I use the wave everyday! great tool :thumbsup::thumbsup: It's on my belt next to my maglite which I use everyday as well. and on the other side is my wera kraftform kompakt also a great everyday tool:thumbsup::thumbsup::thumbsup:


----------



## gilbequick (Oct 6, 2007)

I have the Surge and the Wave. The Surge is great but it's a beast, big and heavy. The Wave is more of a middle ground Multi with lots of function while keeping the weight moderate. I carry the Wave :thumbsup:.

Aside from Leatherman, the Victorinox Spirit is also a great multi, very well made.


----------



## vos (Apr 1, 2010)

i have the charge and use it a lot.


----------



## kevmanTA (Jul 20, 2010)

gilbequick said:


> I have the Surge and the Wave. The Surge is great but it's a beast, big and heavy. The Wave is more of a middle ground Multi with lots of function while keeping the weight moderate. I carry the Wave :thumbsup:.
> 
> Aside from Leatherman, the Victorinox Spirit is also a great multi, very well made.
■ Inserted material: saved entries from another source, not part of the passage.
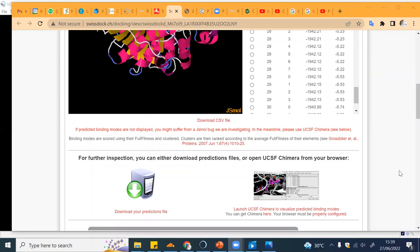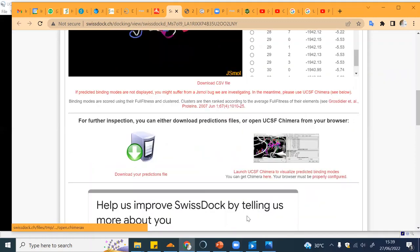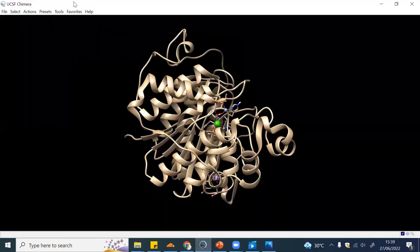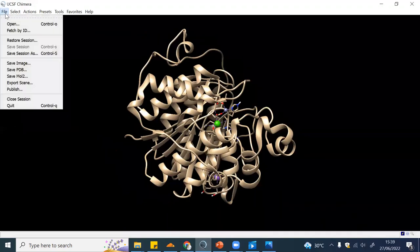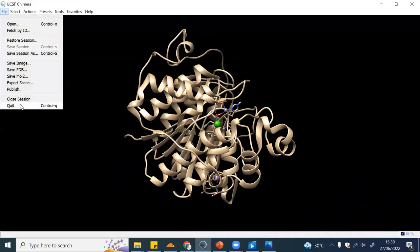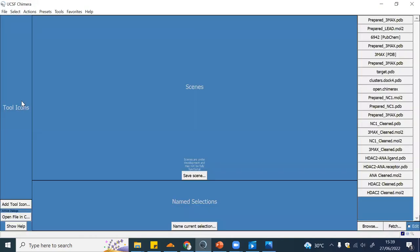Now I will show you how to visualize our data in Chimera. I will just close the session.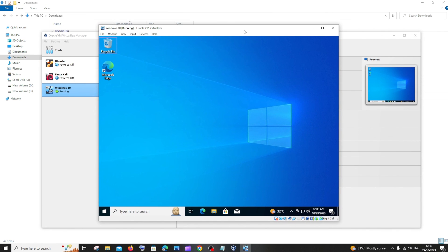This is basically how you download and install Windows 10 in VirtualBox. I hope you found this video useful. Do check the playlist of my channel — there are a lot of videos on programming and AI. Subscribe and thanks for watching.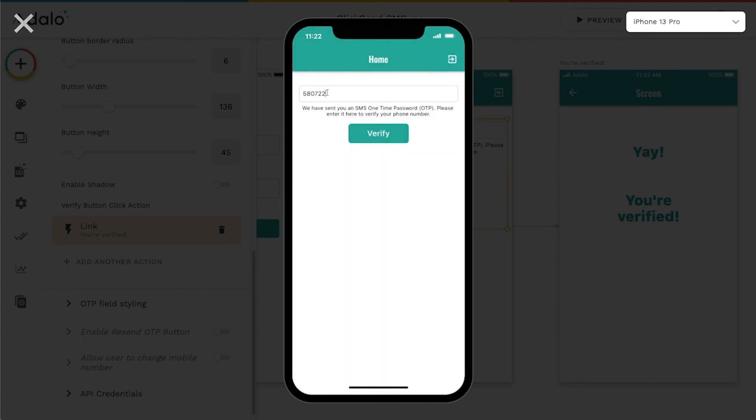And you can see that because it was successful, I was verified. So let's go back here and let's just change this. I'll show you 5726.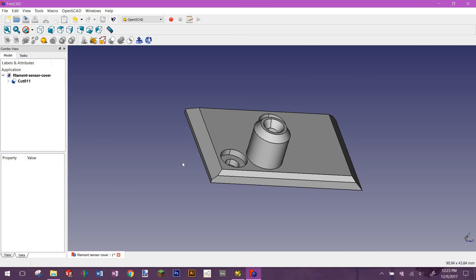So there are three things that might happen when you do this. One is it does exactly what I just showed you. The other thing is it comes in fine and you just click on it and export. The other thing is sometimes it returns an error and you just can't do anything about it. In the case of the Prusa i3 Mark III, the only one that had that problem was the INC base — the part for the printed circuit board just wouldn't convert.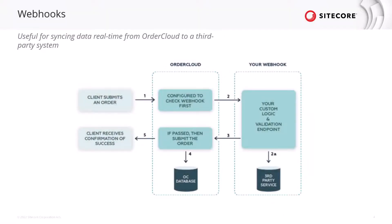In OrderCloud, there are two types of platform-triggered API calls that we will start reviewing: webhooks and integration events. First, webhooks are HTTP callbacks that can be triggered by any OrderCloud endpoints that write to the database, which are POST, PUT, PATCH, and DELETE actions.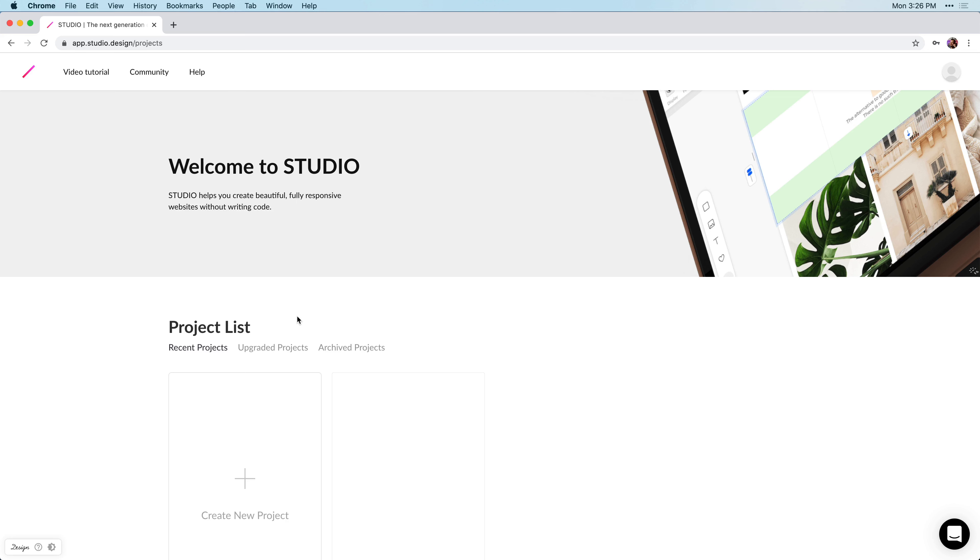Thanks to the new CMS features, creating articles inside Studio has never been easier. And I want to show you how you can create your first article.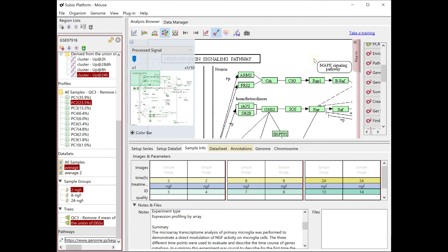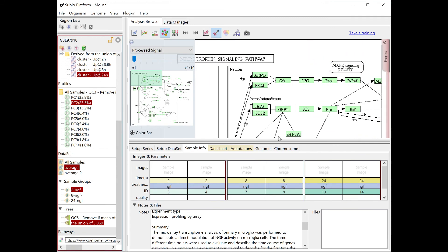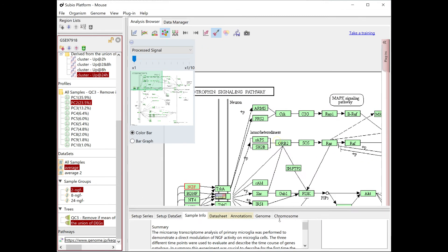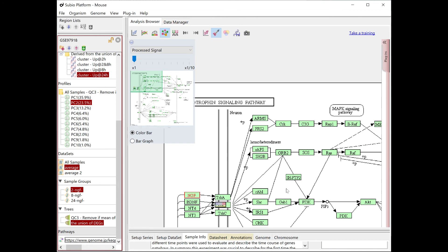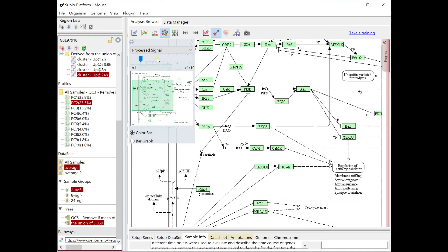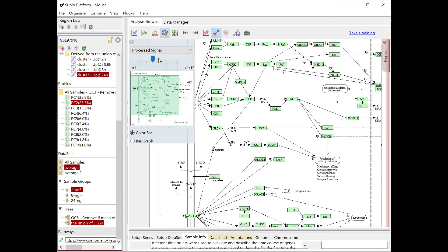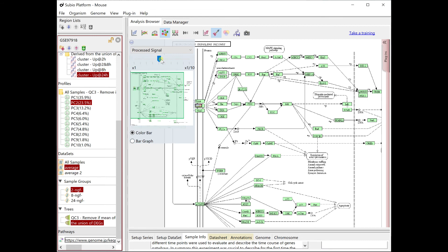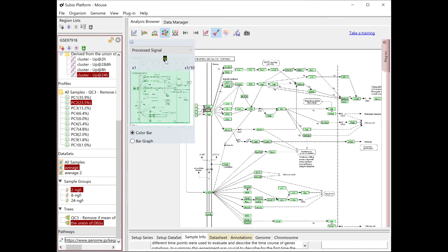The neurotrophin signaling pathway also seems to have a topological bias by the time course. Please see the details by yourself.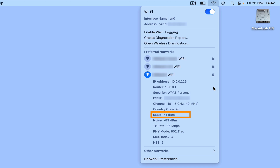As an example, if we have an RSSI of minus 90 that would indicate that we have a wireless connection that would be on the verge of being unusable. However an RSSI of minus 30 would indicate maximum wireless signal, which while very unlikely might be achievable if our computer is very close to our wireless access point. Ideally we should be looking for an RSSI of between minus 67 and minus 80, as anything within this range should provide us with a reliable internet connection.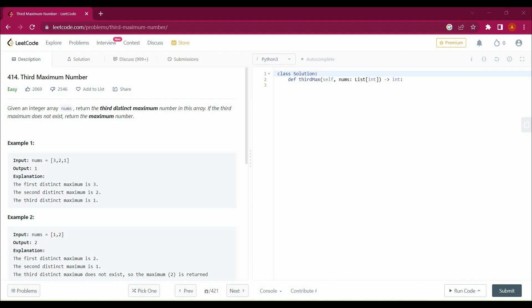The question says: given an integer array nums, return the third distinct maximum number in this array. If the third maximum does not exist, return the maximum number. So the third maximum number — for example, the first maximum would be three, followed by two, and then one, so we return one here.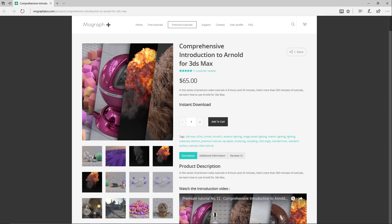Thank you for watching this free video tutorial from our course 'Comprehensive Introduction to Arnold for 3ds Max.' Make sure to visit our website mographplus.com and check the entire course out.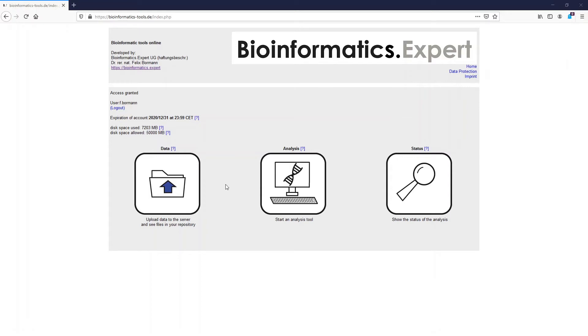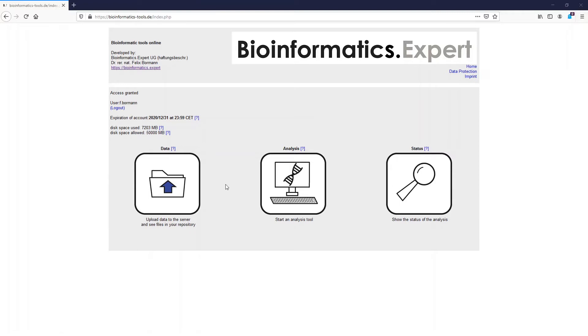Welcome to Bioinformatics Expert. In this video I want to show you how you can do a StringTie analysis. StringTie is a program with which you can identify new isoforms from RNA sequencing datasets, but you can also use it to quantify your results by calculating the TPM or FPKM values.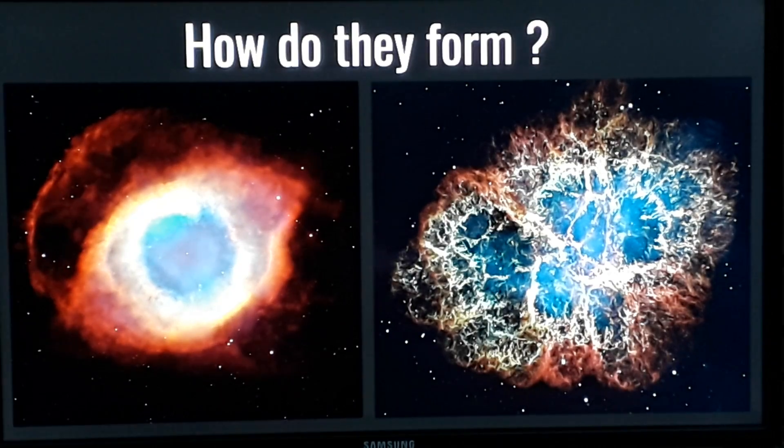Now let's see how do they form. Nebulas form in two ways. The first way is when a low mass star like our sun ends up in its last stage and sheds out its outer layers — the dust and gas left in the outer layers of the star turns into a planetary nebula.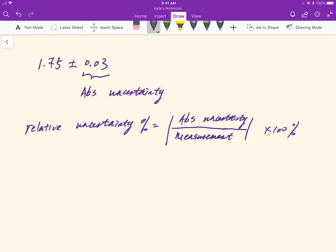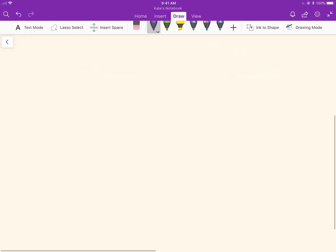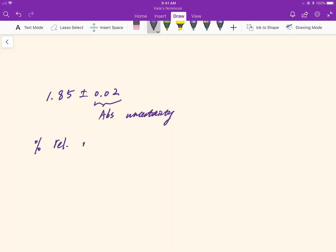Now, let's try an example. For the expression 1.85 plus minus 0.02, the absolute uncertainty is 0.02. And the percent relative uncertainty is equal to absolute uncertainty divided by the measurement, which is 1.85.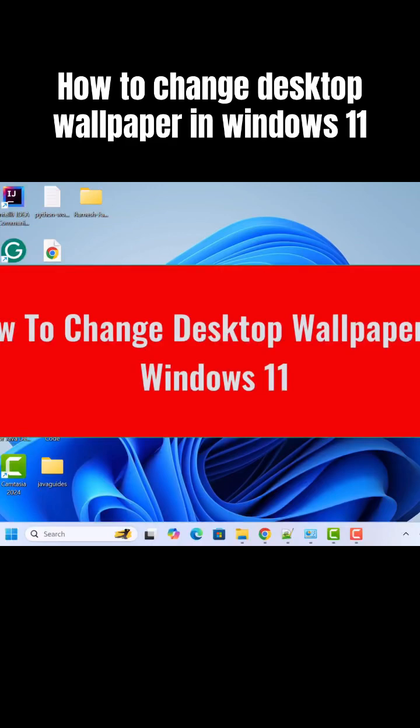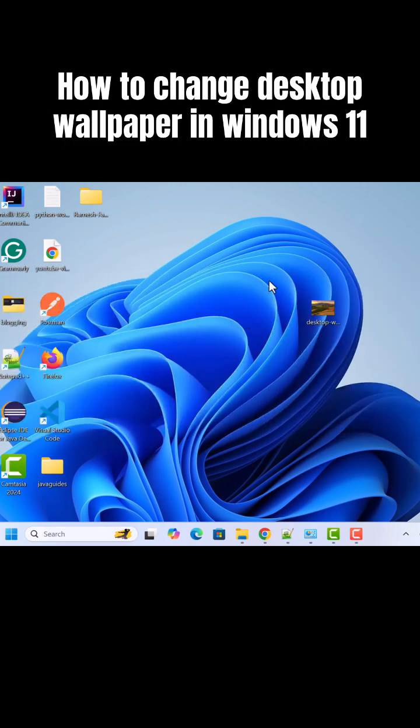To change the desktop wallpaper in Windows 11 machine, well there are a couple of ways. So let's say you already have a desktop wallpaper and you want to set this desktop wallpaper in a Windows 11 machine.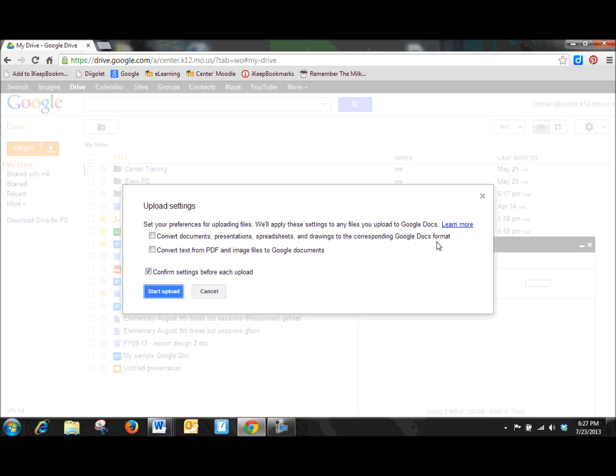This is going to be very important when you have a document that you are going to want your kids to work on, on their Chromebook. Okay, so let's remember your Chromebook is only a Chrome internet browser. It is not going to be running Microsoft Office products on it.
The surge is a tank, the first day wearing it, I felt like it was pulling me to one side..


----------



## migidametz (Aug 11, 2010)

I agree, the wave is a good middle ground multitool. Its not that heavy to wear. I never wear a tool belt, and what I like the most about it is just the fact when I forget to pick up a tool and I'm at the top of the ladder I just use the leatherman. I can't believe how I use it because of that.


----------



## kevmanTA (Jul 20, 2010)

migidametz said:


> I agree, the wave is a good middle ground multitool. Its not that heavy to wear. I never wear a tool belt, and what I like the most about it is just the fact when I forget to pick up a tool and I'm at the top of the ladder I just use the leatherman. I can't believe how I use it because of that.


The wave is great, I liked when they added the really small flathead/phillips for adjusting glasses..


----------



## Trimix-leccy (Dec 4, 2007)

I have the Titanium Charge with 2 'bit holders' [not made anymore]....up until about 2 minutes ago it was the best multitool that I had ever seen

Now that I have seen the Paladin I feel inadequate  and now NEED one


----------



## mikeh32 (Feb 16, 2009)

Trimix-leccy said:


> I have the Titanium Charge with 2 'bit holders' [not made anymore]....up until about 2 minutes ago it was the best multitool that I had ever seen
> 
> Now that I have seen the Paladin I feel inadequate  and now NEED one


I have a leatherman skeleton for when im doing tower work... I wish i could some how make my paladin work the same way. 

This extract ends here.